● **Dataset section**:

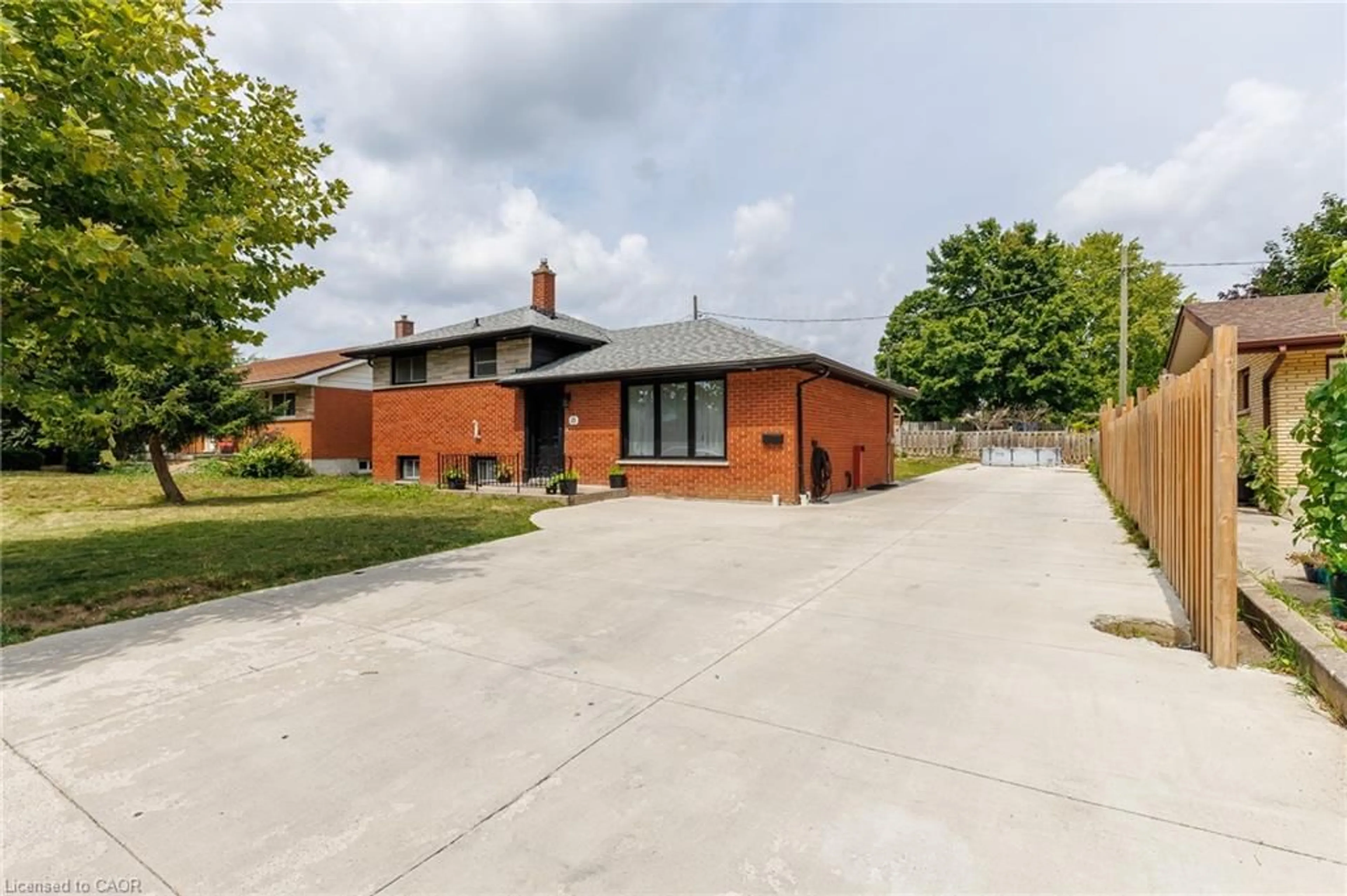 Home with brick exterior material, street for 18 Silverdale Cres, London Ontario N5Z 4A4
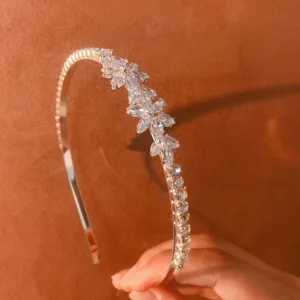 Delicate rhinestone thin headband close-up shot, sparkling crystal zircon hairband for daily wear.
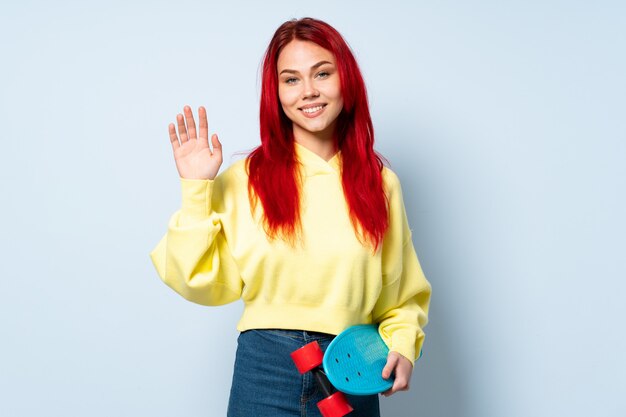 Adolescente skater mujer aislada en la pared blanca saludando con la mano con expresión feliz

● **Exercise**: All lines above must be repeated exactly, and the pictures must be omitted.

● **Task answer**:
 Home with brick exterior material, street for 18 Silverdale Cres, London Ontario N5Z 4A4
 Delicate rhinestone thin headband close-up shot, sparkling crystal zircon hairband for daily wear.
 Adolescente skater mujer aislada en la pared blanca saludando con la mano con expresión feliz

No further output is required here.